Thursday, March 11, 2010

Colonial Style

There is no topic of conversation that is off limits in our house. I have always wanted my kids to feel comfortable coming to me with anything. So, whenever they have come to me with a question, I have always answered, age appropriately. The following is an example of the kind of kids you end up with when you parent this way!

It is early evening. The baby and boys have gone to bed. Joe, the girls and I are settling into the living room for our favorite shows. We are switching from National Geographic's, "Doing the Deed Colonial Style," when Sarah's head whips around to face her sister.

"Wait!", she exclaims. "Did they have condoms in colonial times?"

"I don't think so. I seriously doubt it," Tori answers.

Slightly annoyed, Sarah asks, "Well, why not?"

"Because!" Tori retorts, "They aren't going to be all like, walk down to Ye Druggeth Store and buy me thine condoms and Ye Old NuvaRing!"

Tuesday, March 2, 2010

Spare the Rod and Spoil the Child

Spanking, paddling, whipping, smacking, slapping, yanking, beating... I received all of this growing up. And do you know what I learned from it? To fear. To hide. To be quiet and not show my feelings. To avoid being at home. To be angry. And though I was not a disrespectful child, I did not respect the parent that was inflicting all of this upon my siblings and I.

I don't hate him. And, I do forgive him. It took me a long time to get to that place... Forgiveness... It's a good place to be.
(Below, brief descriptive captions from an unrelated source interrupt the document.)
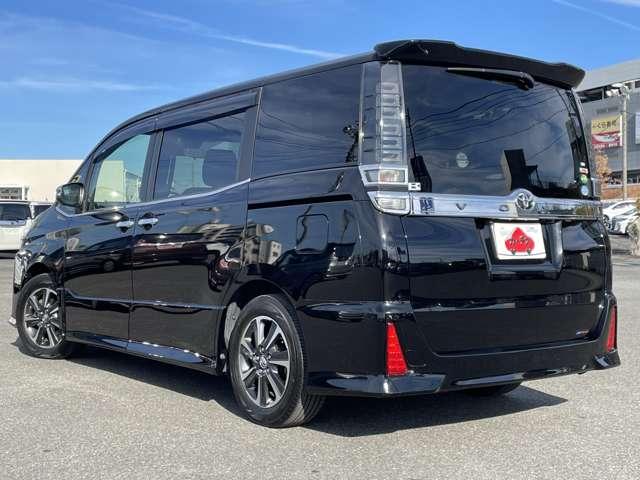 ヴォクシー ＺＳ　煌　トヨタセーフティセンス／パナソニック９インチフローティングナビ／フルセグ／ＢＴオーディオ／バックカメラ／スマートキー／両側パワースライドドア／ＬＥＤヘッドライト／アイドリングストップ／純正アルミ（33枚目）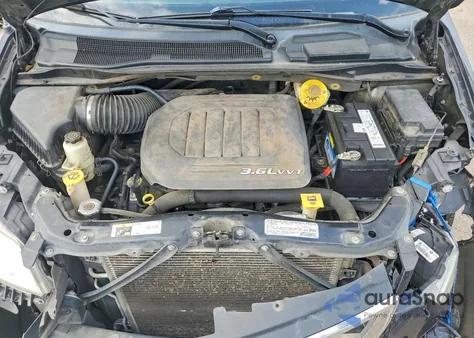 2013 Chrysler Town & Country Touring L из США, поврежденный, VIN 2C4RC1CG4DR737551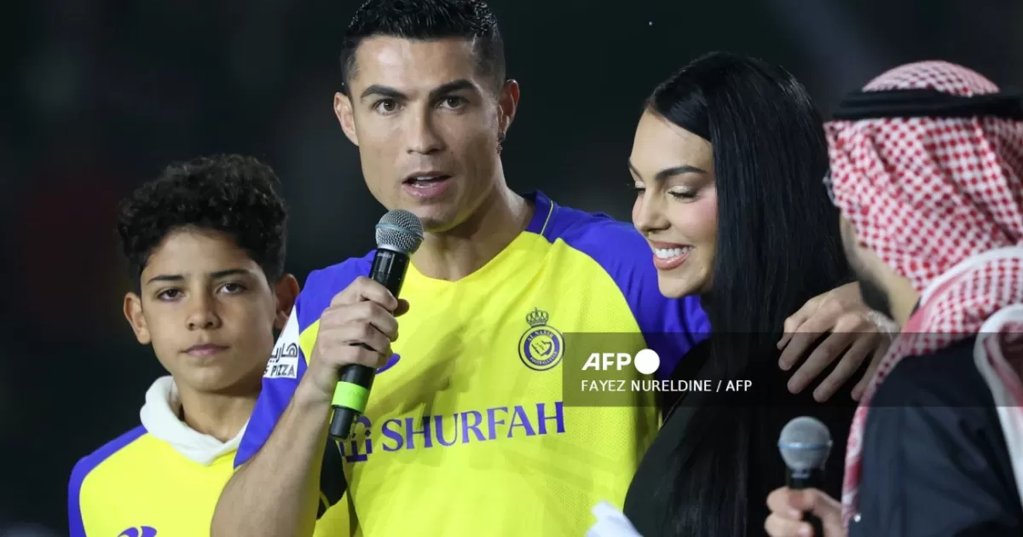 Compromiso de Cristiano Ronaldo y Georgina Rodríguez desata furor en redes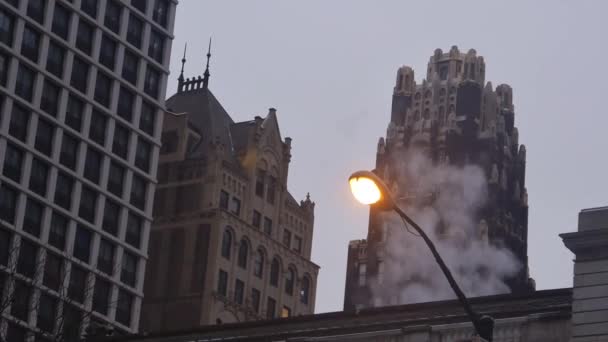 Smoke Street Lantern Surrounded Buildings Static — Vídeo de stock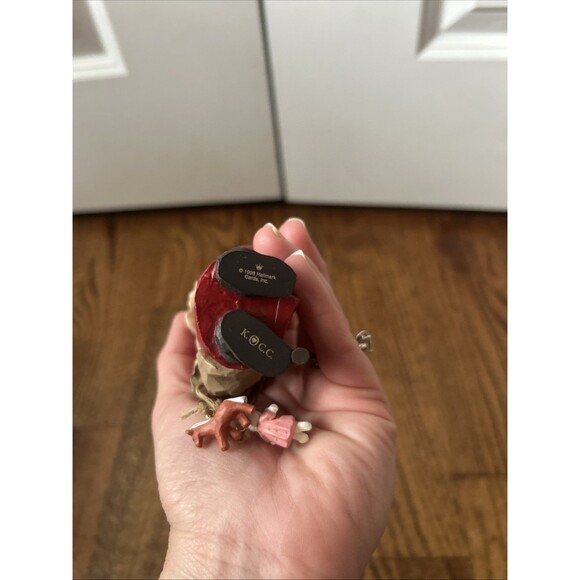 Hallmark Keepsake Ornament Making His Way Santa 1998 Folk Art Collection - Picture 4 of 4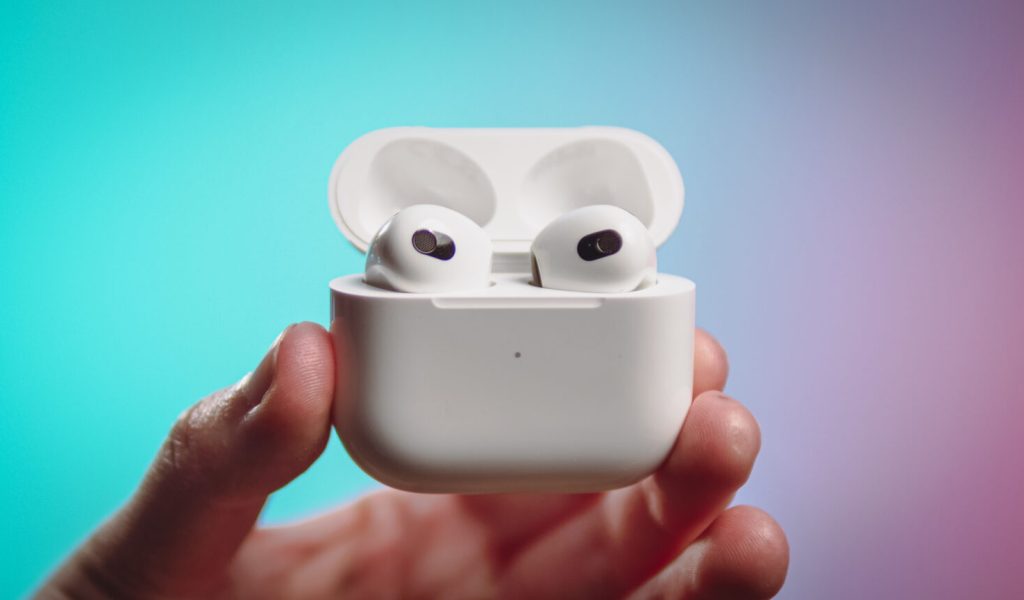 Apple AirPods 3 // Source : Louise Audry pour Numerama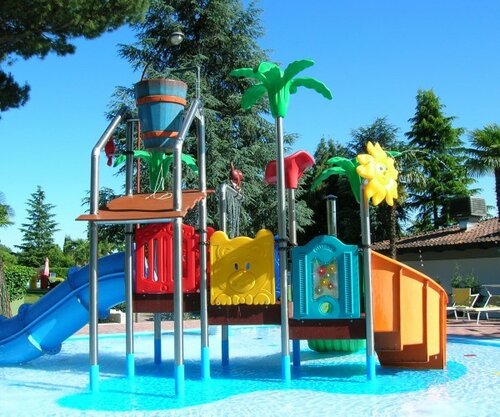 Amusement park Parco Acquatico Oasi Acqua Blu, Piedmont, photo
The anger, resentment and hurt are gone and I am truly living my life. I arrived there by coming to realize that, this man was once a child himself and someone, probably his own parents did these things to him and he came to learn that this was an acceptable way to discipline a child. After all, his parents and grandparents raised their children this way. It must be right! Add in the fact that he was an alcoholic and you just have a mess...

"How is it then," my sweet man asks, "that you turned out to be the way you are? So gentle, patient, and calm." "How did you come from all of that and not turn out the same way?"

The answer is, I remember.... I remember the physical pain, I remember the bruises and explaining them away. I remember the fear and the shame. I remember hiding it all and keeping it a secret from the world. Most of all, I remember the emotional anguish. That deep, deep sadness and not being able to escape it. And now... I'm a Mom. The greatest gift that can ever be bestowed upon a human being. I'm a Mom!! A parent!! And I NEVER, EVER, want any one of my children to have to feel the pain that I felt growing up. NEVER!!!

And so, I teach them. I lead by example. I treat them with respect and most of the time, they return that respect. I don't hit them, I talk with them. I explain things to them. I take away their privileges. I hold them accountable. And, I love them.... And, do you know what they are learning? To love. To respect. To show compassion and kindness. To be patient and fair. They are learning to be confident and to have self worth. And, they are learning that this is how they deserve to be treated.